ATSC 3.0 Audio: Structure and Metadata

Think about how we consume television now. In our house, cable is simply the pipe that delivers high-speed internet, and content arrives via a combination of over-the-air antenna and a handful of streaming services. We rely on smart devices to locate and play what we watch because we no longer know when it airs. Into this world of distributed, multisourced content our nextgeneration television delivery system is being born, a world where broadcast runs the risk of becoming an afterthought, at least until the internet service goes down.

Both the promise and challenge of ATSC 3.0 is to merge broadcasting into this internet- centric media landscape and, in the process, deliver high-quality content with properly delivered mixes to every device.

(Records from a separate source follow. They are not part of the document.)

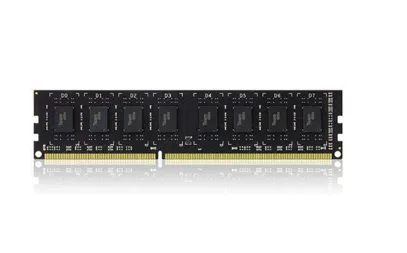 Team Elite DDR4-2666 - 8GB - CL19 - Single Channel (1 pcs) - Svart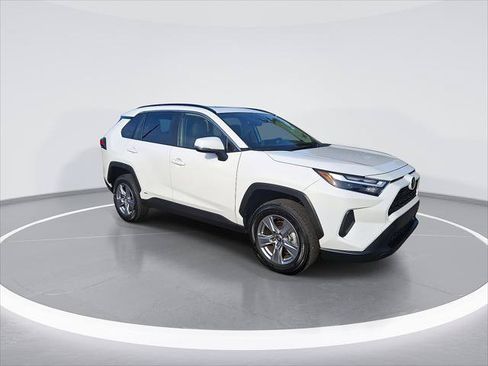 Certified 2025 Toyota RAV4 XLE w/ Convenience Package AWD/4WD image 3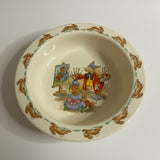 Royal Doulton Bunnykins Porringer - Artist At Work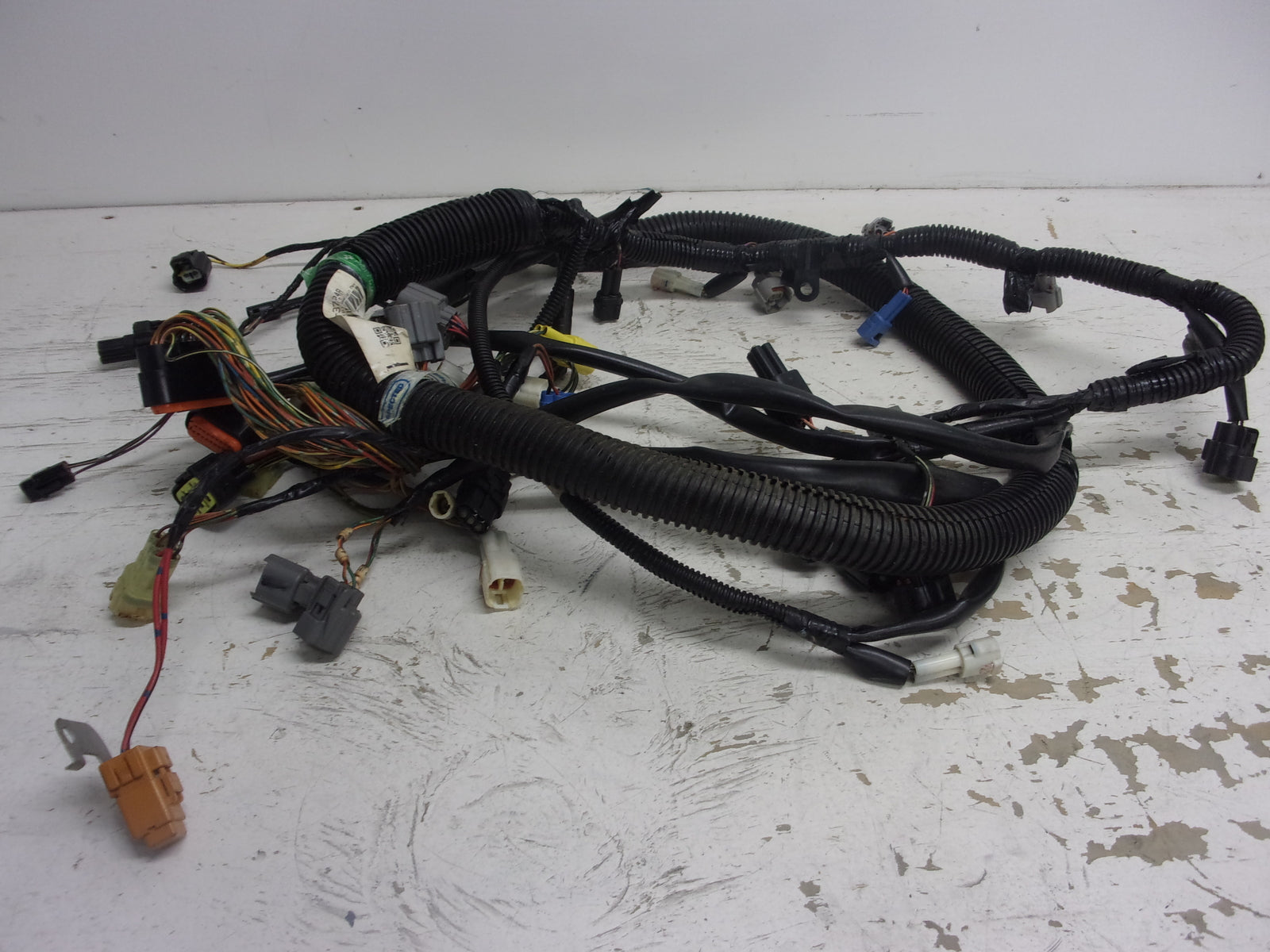 Kawasaki Jet Ski 2007 Ultra 250 OEM Engine Wire Harness Part# 26031-3724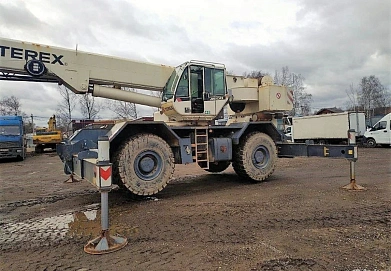 Terex Demag, 2006г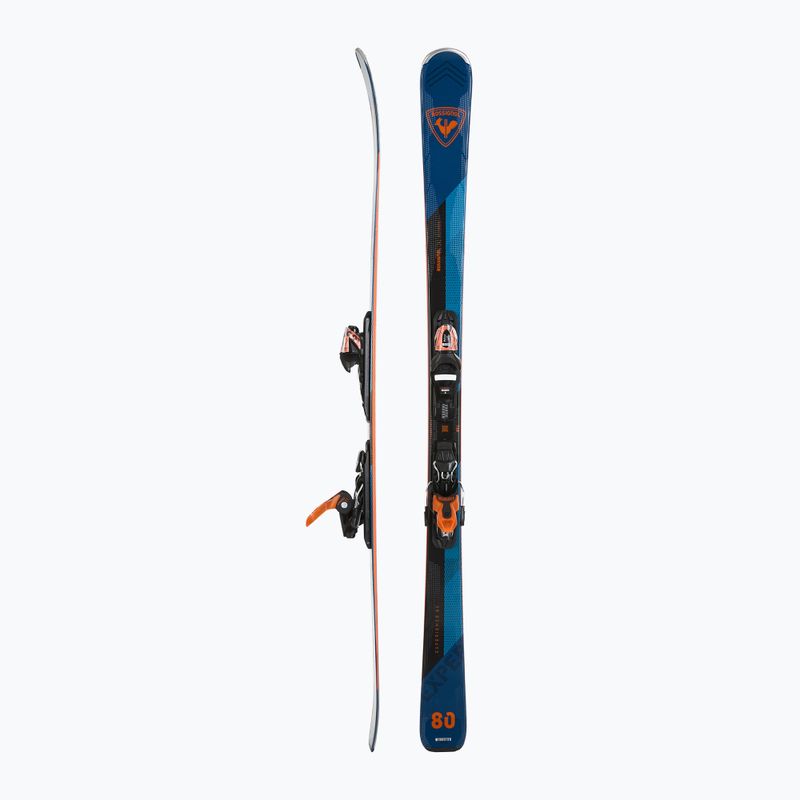 Pánske zjazdové lyže Rossignol Experience 80 Carbon + viazanie Xpress 11 GW 2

Accomplishing this requires changing virtually every technology currently in use that delivers television to the home and brings with it new structure and expanded metadata.

Information about the audio elements of ATSC 3.0 can be found in three documents that make up the finalized ATSC A/342 standard. Part one covers the elements common to all Next Generation Audio systems, part two specifies AC-4, and MPEG-H is detailed in part three. These documents contain virtually all the currently available information regarding what audio engineers will be dealing with in ATSC 3.0. In this column, we’ll look at the structure of the common elements as they relate to AC-4, some of the new metadata parameters, and briefly touch on a few things that remain unanswered.

Fig. 1: In the Next-Generation Audio world, the ATSC A/342 standard treats audio as data.NGA STRUCTURE
Let’s start by looking at the audio data structure of NGA systems. Currently, when prepping a mix for television, audio is the source and audio is the final output, whether it’s a stem, submix, iso, or full mix. In the NGA world, audio is treated more like data, and in fact that’s how A/342 refers to it, as audio data (see Fig. 1). Source audio is now officially referred to as “Audio Signals” and each signal may or may not have metadata associated with it. The Audio Signals and their metadata are formatted into either Channel-Based, Object-Based, or Scene-Based sets called Audio Elements.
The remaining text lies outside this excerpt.